** What to produce **
Your answer must be the lines from the first record through the line that contains "構造デザインマップ 東京", copied exactly and without any pictures.

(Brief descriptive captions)
------

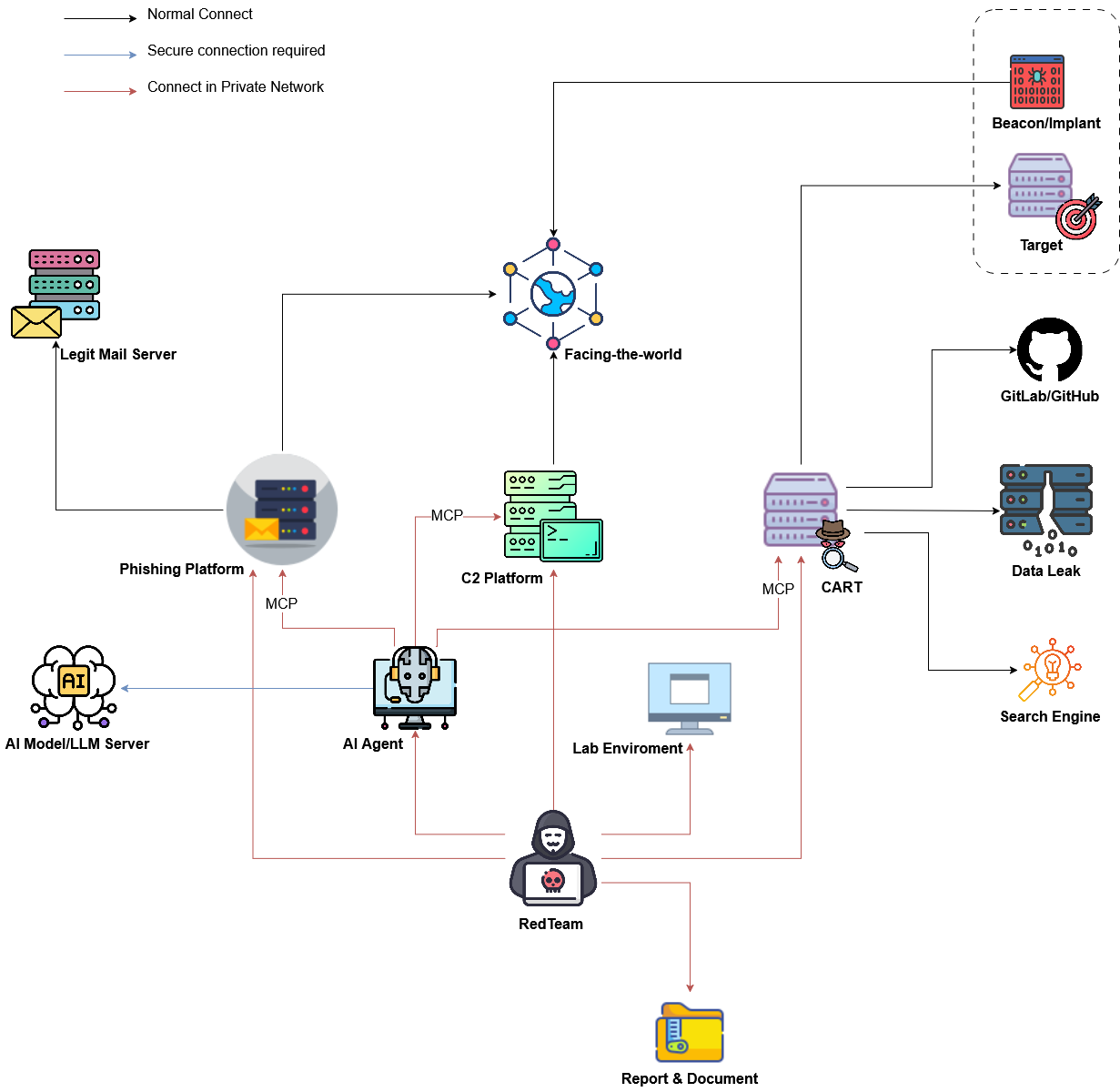 Red Team Infrastructure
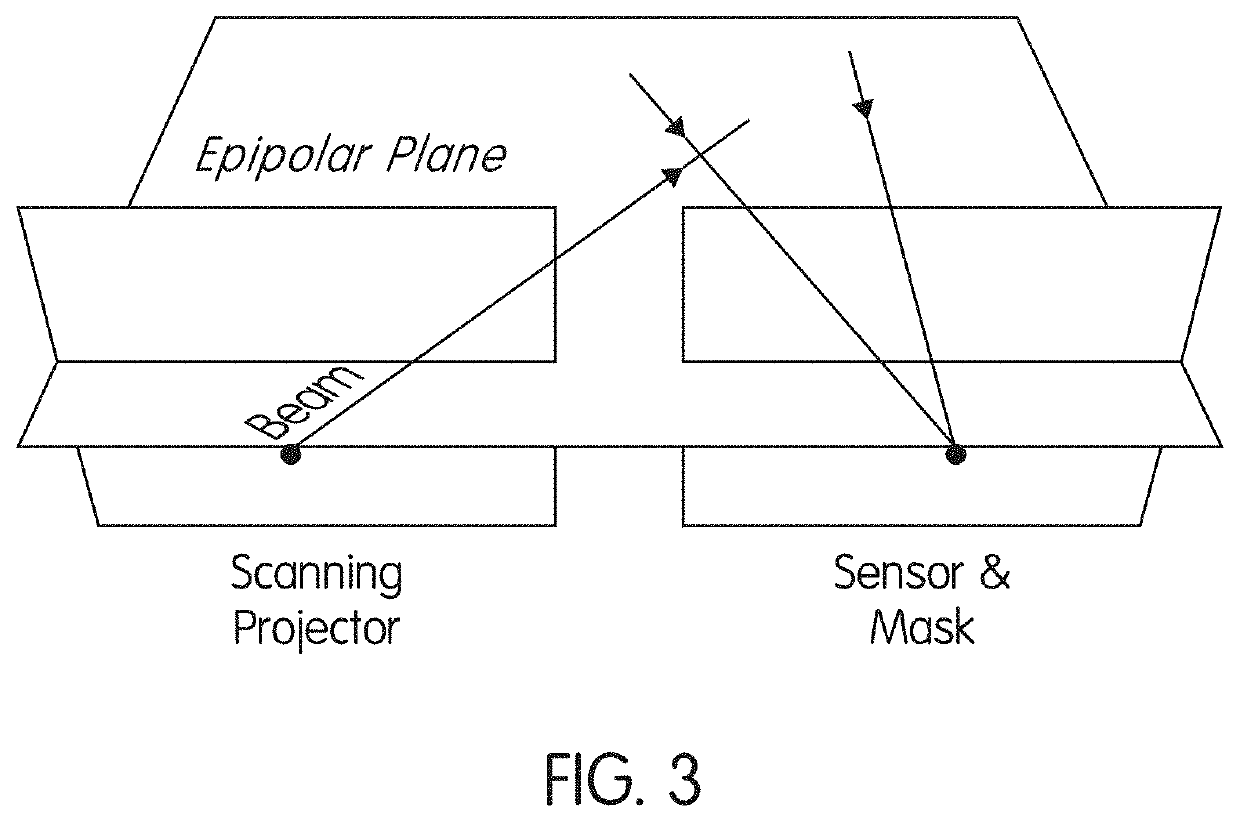 Energy optimized imaging system with synchronized dynamic control of directable beam light source and reconfigurably masked photo-sensor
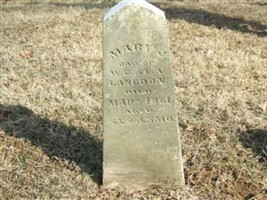 Mary J. Langdon Mary J. Langdon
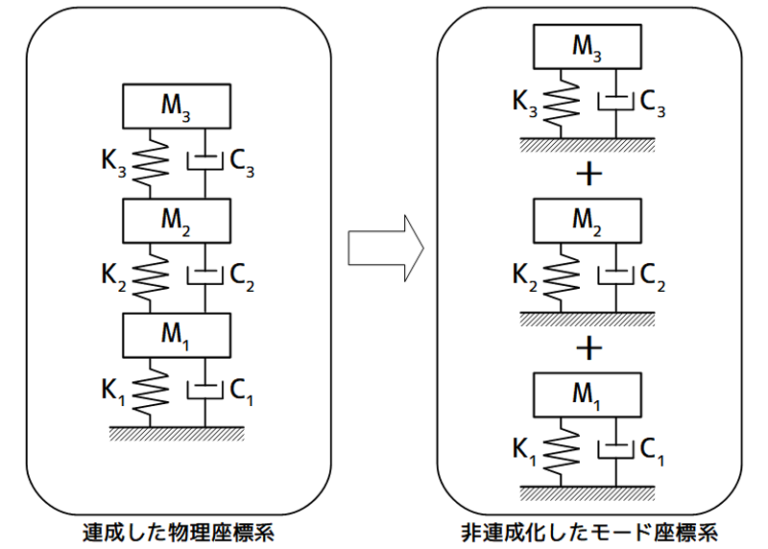 振動制御、モデリングのためのモード解析の基礎知識 | 実験とCAEとはかせ工房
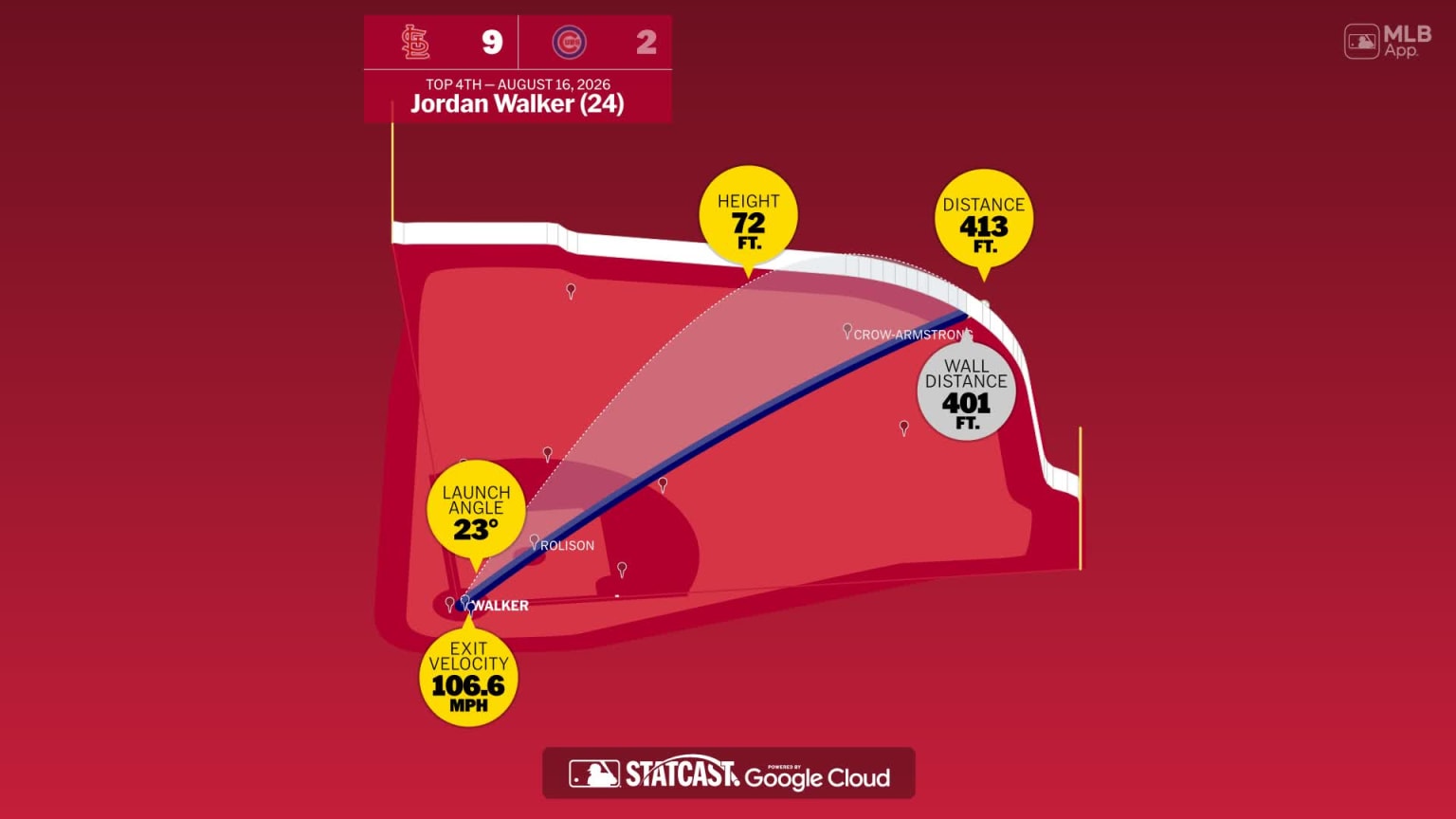 Analyzing Jordan Walker's Historic Home Run: A Breakdown of the Statistics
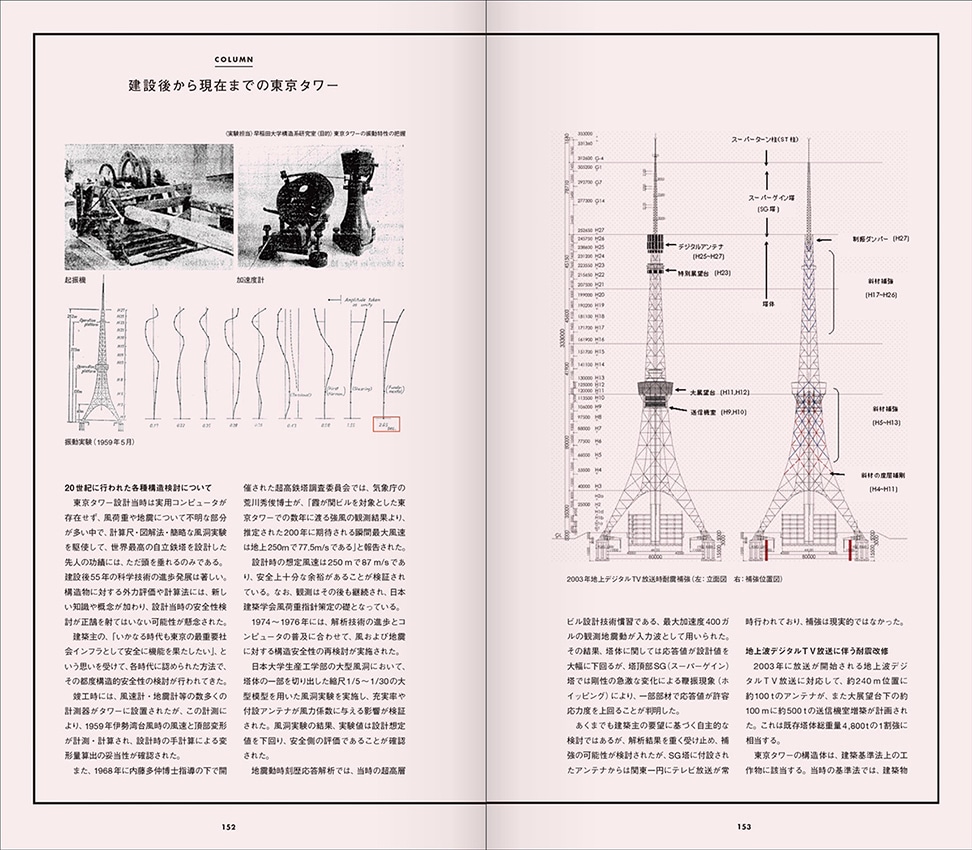 構造デザインマップ 東京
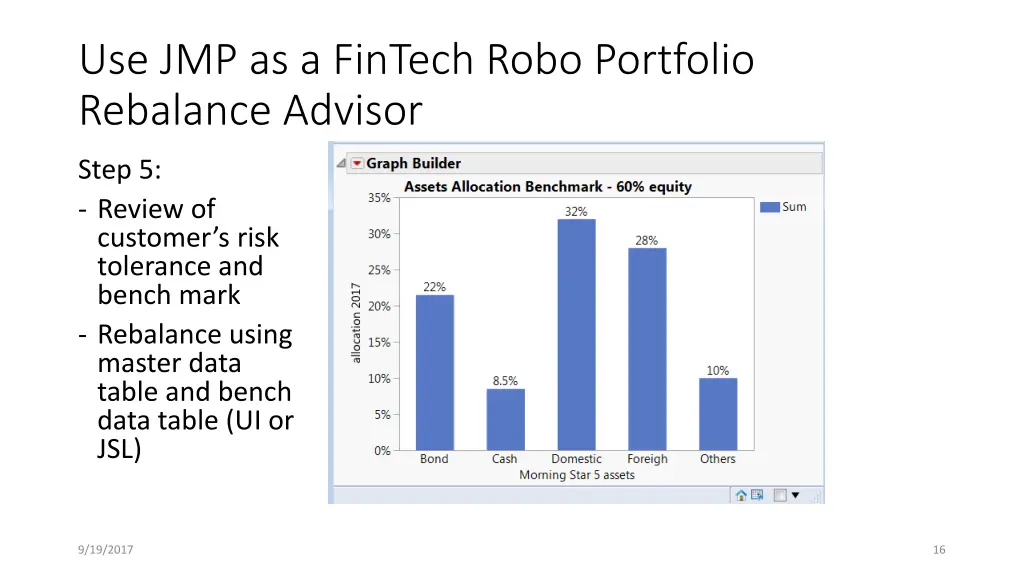 use jmp as a fintech robo portfolio rebalance 7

------

** Written response **
 Red Team Infrastructure
 Energy optimized imaging system with synchronized dynamic control of directable beam light source and reconfigurably masked photo-sensor
 Mary J. Langdon Mary J. Langdon
 振動制御、モデリングのためのモード解析の基礎知識 | 実験とCAEとはかせ工房
 Analyzing Jordan Walker's Historic Home Run: A Breakdown of the Statistics
 構造デザインマップ 東京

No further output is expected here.